Following shakedown training off the eastern coast of the United States, Thomas A. Edison loaded Polaris missiles at Charleston, S.C., and embarked upon her first deterrent patrol on 7 November. She concluded that patrol at the base at Holy Loch, Scotland, whence she operated for the next four years and 17 deterrent patrols. In September 1966, her official home port was changed from New London, Conn., to Charleston, S.C., in preparation for her first major overhaul. She ended her 17th patrol at Charleston on 15 October 1966 and began her overhaul on the 28th. She completed repairs on 9 May 1968; and, after post-overhaul sea trials and shakedown, she embarked upon her 18th deterrent patrol on 22 September 1968. Over the next five years, she operated out of New London and Rota, Spain, from which ports she conducted another 19 patrols in the Atlantic.

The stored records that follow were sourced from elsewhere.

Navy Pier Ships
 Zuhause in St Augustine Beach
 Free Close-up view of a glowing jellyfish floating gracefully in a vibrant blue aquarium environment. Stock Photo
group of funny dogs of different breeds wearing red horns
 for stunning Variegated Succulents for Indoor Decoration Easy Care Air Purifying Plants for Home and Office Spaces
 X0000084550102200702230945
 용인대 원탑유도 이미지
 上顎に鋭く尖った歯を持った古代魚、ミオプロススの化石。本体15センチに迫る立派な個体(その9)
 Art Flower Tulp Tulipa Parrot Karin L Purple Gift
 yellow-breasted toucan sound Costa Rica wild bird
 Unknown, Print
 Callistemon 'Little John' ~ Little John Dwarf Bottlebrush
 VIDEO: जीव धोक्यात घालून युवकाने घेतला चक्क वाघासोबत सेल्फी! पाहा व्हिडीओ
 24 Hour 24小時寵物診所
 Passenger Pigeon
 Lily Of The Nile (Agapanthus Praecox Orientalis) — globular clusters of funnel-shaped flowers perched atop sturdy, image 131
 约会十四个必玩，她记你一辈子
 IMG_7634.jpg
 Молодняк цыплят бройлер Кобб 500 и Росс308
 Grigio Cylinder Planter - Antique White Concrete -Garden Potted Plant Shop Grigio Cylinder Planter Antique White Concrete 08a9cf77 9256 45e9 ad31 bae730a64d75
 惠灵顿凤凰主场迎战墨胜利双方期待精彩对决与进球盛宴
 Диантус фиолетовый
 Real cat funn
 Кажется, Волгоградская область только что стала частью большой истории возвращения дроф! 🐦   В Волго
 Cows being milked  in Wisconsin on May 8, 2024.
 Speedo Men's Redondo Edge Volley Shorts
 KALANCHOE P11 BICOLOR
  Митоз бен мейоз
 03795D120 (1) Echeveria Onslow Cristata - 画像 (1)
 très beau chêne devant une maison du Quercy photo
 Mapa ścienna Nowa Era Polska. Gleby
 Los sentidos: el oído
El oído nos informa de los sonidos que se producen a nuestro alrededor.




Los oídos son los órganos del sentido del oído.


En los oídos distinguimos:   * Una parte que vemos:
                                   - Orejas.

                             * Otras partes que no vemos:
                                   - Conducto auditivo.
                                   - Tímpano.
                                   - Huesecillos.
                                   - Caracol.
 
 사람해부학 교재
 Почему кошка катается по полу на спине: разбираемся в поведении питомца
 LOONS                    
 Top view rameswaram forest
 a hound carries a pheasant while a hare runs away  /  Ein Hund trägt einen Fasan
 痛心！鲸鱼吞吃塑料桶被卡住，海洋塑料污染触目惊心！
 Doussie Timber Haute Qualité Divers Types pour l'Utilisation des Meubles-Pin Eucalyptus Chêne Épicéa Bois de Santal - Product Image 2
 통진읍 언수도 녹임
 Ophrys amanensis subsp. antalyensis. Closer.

In June of 1973, she was transferred to the Pacific Fleet, arriving in San Diego on 11 July. After a short period of operations with Submarine Group 5, she moved to Vallejo on 6 August to begin another overhaul, this time at the Mare Island Naval Shipyard. On 30 November 1974, the fleet ballistic missile submarine completed repairs and, following shakedown in January and February of 1975, she transited the Panama Canal again in March to fire test missiles near Cape Canaveral, Fla. She concluded that mission in July and retransited the canal on 8 August. Thomas A. Edison carried out operations along the west coast until December at which time she headed for her new home port, Guam. As of the beginning of 1980, the fleet ballistic missile submarine continued to conduct deterrent patrols from her base at Guam.
The ballistic-missile submarine Thomas A. Edison (SSBN-610).